Erik,
Thanks for that. There is some misunderstanding here. For this example,
I had taken the sting out of my trigger function and turned it into a
much more concise no-op, with warnings. The actual code of my original
trigger function is irrelevant. The no-op trigger function displays the
same strange behaviour: it works as expected for INSERTs, but not for
UPDATEs. The update goes through! And it shouldn't.
My question to the list is how I can analyze what is happening here, I
am lost at where to start on that.
Rolf
Greetings list,
Running pg 8.2.3. on a windows machine, I have become blind in a
trigger definition puzzle, so hope that somebody may help me
understand where I goof.
I have a base table i_s that has three tables that inherit from it,
one of them being i_s_nowhere. The base table should be left empty,
but I want it to be the prime port of call for data changes. Hence
the following set-up. Let me try to be brief, in the hope of not
leaving out relevant detail.
Base table def is as follows:
CREATE TABLE i_s
(
sidx integer NOT NULL, -- The s identifier
gid integer NOT NULL, -- The i identifier
status character(1),
confirmation character(1),
CONSTRAINT pk_is PRIMARY KEY (sidx, gid)
)
WITH (OIDS=FALSE);
And the trigger definition is here:
CREATE TRIGGER aw_archival_is2
BEFORE UPDATE OR INSERT OR DELETE
ON i_s
FOR EACH ROW
EXECUTE PROCEDURE aw_archive_test();
And the trigger function:
CREATE OR REPLACE FUNCTION aw_archive_test()
RETURNS "trigger" AS
$BODY$
BEGIN
RAISE WARNING 'Starting isa trigger for %', TG_OP;
IF (TG_OP = 'UPDATE') THEN
RAISE WARNING 'Calling insert_isa with update';
ELSIF (TG_OP = 'INSERT') THEN
RAISE WARNING 'Calling insert_isa with insert';
ELSIF (TG_OP = 'DELETE') THEN
RAISE WARNING 'Calling insert_isa with delete';
END IF; RETURN NULL;
END;
$BODY$
LANGUAGE 'plpgsql' VOLATILE;
The trigger is enabled.
Yes, this does intentionally nothing.
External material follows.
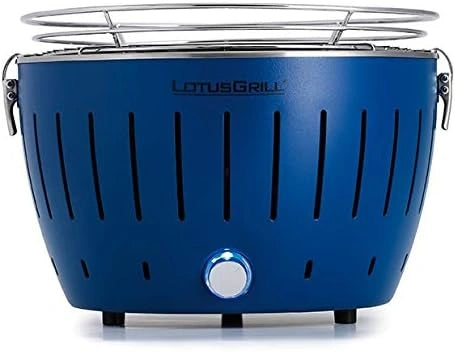 LotusGrill - azul intenso, Barbacoa compacta en 6 colores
The real code will obviously
take care of data change in proper subtables. Well, the trigger
should do nothing now . . . What I cannot get round to understanding
is that an insert attempt will nicely give me two warnings, and will
not insert, as expected with this code:
WARNING: Starting isa trigger for INSERT
WARNING: Calling insert_isa with insert
Query returned successfully: 0 rows affected, 31 ms execution time.
But an attempt to update actually magically goes to the proper
subtable and performs the update:
Query returned successfully: 1 rows affected, 16 ms execution time.
Where did I deserve this?? ;-)
In attempts to solve this I did mess around with trigger and trigger
function definitions a bit. Could there be funny traces of this?
What is the best way to analyse this behavior? I am testing from a
pgAdmin 1.8 setup.
The function you've shown won't do anything because BEFORE row triggers
that return NULL don't do anything (for that row). If you want the
operation to continue without any modification then just return NEW.